The Naqab Bedouin are also subjected to inspection regimes that regulate Bedouin identities. Solidarity is thus racialised, meaning that the ‘social fact of race shapes the practice of solidarity and the challenges this poses to the project of achieving racial justice’ (Hooker 2009, 4). Racialised solidarity renders expressions of Bedouin agency and modernity as unexpected and even as anomalous (P. J. Deloria 2004). This is not unique to the Bedouin case. Urban Aboriginals in Australia, Maddison argues, are subjected to inspection regimes and are scrutinised over ‘the authenticity of their indigeneity’ (Maddison 2013, 288; see also Maddison 2003). Urban Aboriginals, she argues, live a ‘racialised paradox … they are not black enough to be “authentic”, but too black to be safely urban’ (Maddison 2013, 295–6). The Naqab Bedouin live a similar racialised paradox. Bedouin who refuse to adhere to a narrative of victimhood and suffering, and those who appear to be too modern, are scrutinised over their inauthenticity and challenged over their claim to indigeneity. Awad Abu-Freih describes his encounters with supporters as follows:
You should see the surprise on people’s faces when I say that I am a doctor of chemistry. How can you be both? As if education and science are incompatible with Bedouin culture and life. (Interview, Awad Abu-Freih 2013)

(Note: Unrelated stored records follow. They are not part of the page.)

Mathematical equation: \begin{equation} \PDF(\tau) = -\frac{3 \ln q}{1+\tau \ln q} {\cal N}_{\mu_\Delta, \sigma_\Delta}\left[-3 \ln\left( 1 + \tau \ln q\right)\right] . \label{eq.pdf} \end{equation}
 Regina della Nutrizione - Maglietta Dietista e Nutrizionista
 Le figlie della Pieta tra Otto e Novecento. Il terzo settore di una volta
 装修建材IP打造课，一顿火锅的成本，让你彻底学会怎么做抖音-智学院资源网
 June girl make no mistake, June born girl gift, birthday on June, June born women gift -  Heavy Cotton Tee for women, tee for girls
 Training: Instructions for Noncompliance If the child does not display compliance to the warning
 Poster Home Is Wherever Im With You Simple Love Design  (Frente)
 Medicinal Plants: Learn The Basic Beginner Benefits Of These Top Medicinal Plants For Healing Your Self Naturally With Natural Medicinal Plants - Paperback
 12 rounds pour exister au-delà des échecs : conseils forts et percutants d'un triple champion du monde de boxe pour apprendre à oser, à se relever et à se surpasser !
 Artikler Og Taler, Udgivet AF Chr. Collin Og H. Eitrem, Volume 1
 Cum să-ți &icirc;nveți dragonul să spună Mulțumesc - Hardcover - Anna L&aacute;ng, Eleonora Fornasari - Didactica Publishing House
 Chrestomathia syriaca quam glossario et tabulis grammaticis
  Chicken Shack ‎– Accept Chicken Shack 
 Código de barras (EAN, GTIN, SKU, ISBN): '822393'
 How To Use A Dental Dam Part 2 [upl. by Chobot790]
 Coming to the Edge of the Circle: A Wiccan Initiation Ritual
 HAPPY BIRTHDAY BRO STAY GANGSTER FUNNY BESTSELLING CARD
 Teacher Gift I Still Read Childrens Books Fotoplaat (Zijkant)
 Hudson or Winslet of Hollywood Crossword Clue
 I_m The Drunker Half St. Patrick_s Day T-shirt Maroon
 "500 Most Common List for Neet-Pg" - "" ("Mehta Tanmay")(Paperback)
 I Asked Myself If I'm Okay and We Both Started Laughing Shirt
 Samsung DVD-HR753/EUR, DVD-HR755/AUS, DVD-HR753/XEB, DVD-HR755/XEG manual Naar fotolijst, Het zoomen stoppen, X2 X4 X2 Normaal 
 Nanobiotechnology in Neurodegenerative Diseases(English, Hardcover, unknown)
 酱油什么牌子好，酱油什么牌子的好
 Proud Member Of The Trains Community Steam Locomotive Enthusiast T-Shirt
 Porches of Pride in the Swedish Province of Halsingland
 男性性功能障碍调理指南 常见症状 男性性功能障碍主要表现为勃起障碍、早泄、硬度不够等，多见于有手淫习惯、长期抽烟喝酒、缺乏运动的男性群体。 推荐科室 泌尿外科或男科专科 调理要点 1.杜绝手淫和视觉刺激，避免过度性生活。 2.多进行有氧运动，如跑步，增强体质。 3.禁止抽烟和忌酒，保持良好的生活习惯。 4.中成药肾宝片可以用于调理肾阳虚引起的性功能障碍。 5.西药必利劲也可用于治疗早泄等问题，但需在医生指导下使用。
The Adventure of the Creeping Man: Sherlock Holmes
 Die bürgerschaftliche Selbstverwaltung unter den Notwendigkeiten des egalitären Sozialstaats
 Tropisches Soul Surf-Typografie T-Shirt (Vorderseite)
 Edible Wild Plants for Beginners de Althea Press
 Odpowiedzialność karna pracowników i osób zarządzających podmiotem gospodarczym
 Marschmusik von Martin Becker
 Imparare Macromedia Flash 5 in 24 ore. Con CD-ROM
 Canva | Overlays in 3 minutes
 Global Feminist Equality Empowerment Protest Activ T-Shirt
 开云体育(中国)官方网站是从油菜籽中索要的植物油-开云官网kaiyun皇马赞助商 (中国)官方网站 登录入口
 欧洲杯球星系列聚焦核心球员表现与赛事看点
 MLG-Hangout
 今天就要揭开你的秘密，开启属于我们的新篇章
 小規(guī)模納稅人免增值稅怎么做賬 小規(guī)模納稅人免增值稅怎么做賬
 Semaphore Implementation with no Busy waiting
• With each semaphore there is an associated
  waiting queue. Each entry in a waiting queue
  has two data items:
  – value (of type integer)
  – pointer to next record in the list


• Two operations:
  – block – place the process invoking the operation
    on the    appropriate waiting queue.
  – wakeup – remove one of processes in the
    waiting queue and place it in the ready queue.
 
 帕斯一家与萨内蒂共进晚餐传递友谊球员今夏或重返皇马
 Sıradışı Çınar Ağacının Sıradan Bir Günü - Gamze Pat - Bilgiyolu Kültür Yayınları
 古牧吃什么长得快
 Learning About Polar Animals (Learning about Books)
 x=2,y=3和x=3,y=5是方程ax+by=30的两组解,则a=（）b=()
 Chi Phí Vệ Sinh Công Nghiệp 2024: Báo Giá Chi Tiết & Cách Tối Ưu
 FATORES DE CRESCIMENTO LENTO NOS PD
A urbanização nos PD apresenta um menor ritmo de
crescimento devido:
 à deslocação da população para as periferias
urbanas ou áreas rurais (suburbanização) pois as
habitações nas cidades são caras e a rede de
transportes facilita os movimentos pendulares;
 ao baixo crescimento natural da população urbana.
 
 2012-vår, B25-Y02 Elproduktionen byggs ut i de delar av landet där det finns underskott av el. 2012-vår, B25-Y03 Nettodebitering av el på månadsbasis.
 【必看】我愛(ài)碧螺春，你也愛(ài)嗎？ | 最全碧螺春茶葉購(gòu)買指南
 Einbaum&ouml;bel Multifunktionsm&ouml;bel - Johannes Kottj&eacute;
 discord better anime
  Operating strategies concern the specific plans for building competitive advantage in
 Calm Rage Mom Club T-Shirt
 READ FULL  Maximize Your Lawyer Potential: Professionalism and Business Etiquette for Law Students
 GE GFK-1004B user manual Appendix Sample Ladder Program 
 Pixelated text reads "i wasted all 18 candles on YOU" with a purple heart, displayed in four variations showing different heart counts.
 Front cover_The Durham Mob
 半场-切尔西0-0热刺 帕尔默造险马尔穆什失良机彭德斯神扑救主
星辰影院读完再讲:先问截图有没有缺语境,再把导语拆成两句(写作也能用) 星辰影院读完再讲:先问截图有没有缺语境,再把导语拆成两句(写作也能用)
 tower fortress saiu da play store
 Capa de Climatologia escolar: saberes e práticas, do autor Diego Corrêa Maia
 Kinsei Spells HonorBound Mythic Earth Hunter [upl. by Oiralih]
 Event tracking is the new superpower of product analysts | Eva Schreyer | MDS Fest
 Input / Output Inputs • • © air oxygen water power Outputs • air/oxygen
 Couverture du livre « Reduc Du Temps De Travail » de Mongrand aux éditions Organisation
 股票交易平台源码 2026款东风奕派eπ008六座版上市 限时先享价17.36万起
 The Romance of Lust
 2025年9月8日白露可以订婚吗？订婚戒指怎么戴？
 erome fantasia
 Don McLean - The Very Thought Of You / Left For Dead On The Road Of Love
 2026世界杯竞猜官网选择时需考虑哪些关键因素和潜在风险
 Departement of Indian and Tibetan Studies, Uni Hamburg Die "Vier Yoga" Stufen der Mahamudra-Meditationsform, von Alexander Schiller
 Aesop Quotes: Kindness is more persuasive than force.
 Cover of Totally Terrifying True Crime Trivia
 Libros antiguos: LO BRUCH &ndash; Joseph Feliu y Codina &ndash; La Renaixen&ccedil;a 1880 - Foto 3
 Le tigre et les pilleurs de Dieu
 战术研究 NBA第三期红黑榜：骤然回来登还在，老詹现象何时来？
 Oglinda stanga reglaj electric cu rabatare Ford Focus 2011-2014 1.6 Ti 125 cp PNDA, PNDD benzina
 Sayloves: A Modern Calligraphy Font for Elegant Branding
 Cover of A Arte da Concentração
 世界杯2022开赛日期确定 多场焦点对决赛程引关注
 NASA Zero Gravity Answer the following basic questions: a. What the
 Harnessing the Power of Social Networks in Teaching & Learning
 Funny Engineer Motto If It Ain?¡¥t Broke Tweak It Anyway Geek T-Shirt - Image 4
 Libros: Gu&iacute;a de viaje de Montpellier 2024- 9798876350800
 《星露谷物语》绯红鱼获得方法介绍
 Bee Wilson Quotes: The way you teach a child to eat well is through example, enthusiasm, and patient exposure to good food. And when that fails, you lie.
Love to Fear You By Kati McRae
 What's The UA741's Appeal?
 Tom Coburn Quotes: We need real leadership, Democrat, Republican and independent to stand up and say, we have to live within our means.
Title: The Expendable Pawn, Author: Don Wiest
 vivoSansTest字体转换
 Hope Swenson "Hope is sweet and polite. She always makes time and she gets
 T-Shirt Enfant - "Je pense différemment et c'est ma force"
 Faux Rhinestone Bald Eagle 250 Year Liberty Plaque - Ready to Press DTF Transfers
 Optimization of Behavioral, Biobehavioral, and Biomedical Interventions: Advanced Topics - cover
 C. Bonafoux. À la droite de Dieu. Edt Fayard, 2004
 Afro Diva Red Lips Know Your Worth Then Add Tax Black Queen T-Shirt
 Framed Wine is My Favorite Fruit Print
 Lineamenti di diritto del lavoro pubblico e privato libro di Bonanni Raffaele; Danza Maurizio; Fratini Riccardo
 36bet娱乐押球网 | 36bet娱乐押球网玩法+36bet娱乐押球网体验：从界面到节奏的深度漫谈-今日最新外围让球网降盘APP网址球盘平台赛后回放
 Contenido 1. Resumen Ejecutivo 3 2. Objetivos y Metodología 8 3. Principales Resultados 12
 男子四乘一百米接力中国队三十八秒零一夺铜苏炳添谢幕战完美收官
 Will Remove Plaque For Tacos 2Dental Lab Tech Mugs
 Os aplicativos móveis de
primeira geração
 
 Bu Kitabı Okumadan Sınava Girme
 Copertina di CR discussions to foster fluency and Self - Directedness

Amir Abu Kweder recalls similar encounters:
Foreigners have expectations, it is something that repeats itself in tours and talks. Let me tell you a secret. I never rode a camel. Does that make me less of a Bedouin? A while ago I led a tour of a group from the Jewish community in Australia. We were at Wadi Al-Na’am [an unrecognised village]. They asked me later, ‘How come people here have cutlery, plates, etc? How do they have water?’ [Access to water is not provided by the state, it is self-delivered by the residents.] They argued that the residents of the village seem just fine. They then attacked me personally, saying ‘You are an educated man, wearing jeans. You [Bedouins] need to stop playing the victim role.’ I was too modern for them to be a victim. (Interview, Amir Abu Kweder 2014)
The Bedouin struggle is thus marked by the burden of culture. For the Naqab Bedouin, the yoke of culture is inescapable. This is not only because Israel continues to culturalise the Naqab Bedouin as central to the colonial machinery of domination, or because the native Bedouin are subjected to practices of cultural genocide and have legitimate claims for cultural rights. It is also – and not least importantly – because essentialised conceptions of culture continue to dominate the conversation on indigenous people and
on Bedouin indigeneity. The two – culturalisation by the state, and culturalisation through the liberal discourse on indigeneity – intersect in ways that reinscribe race and power structures between whiteness and indigenous people.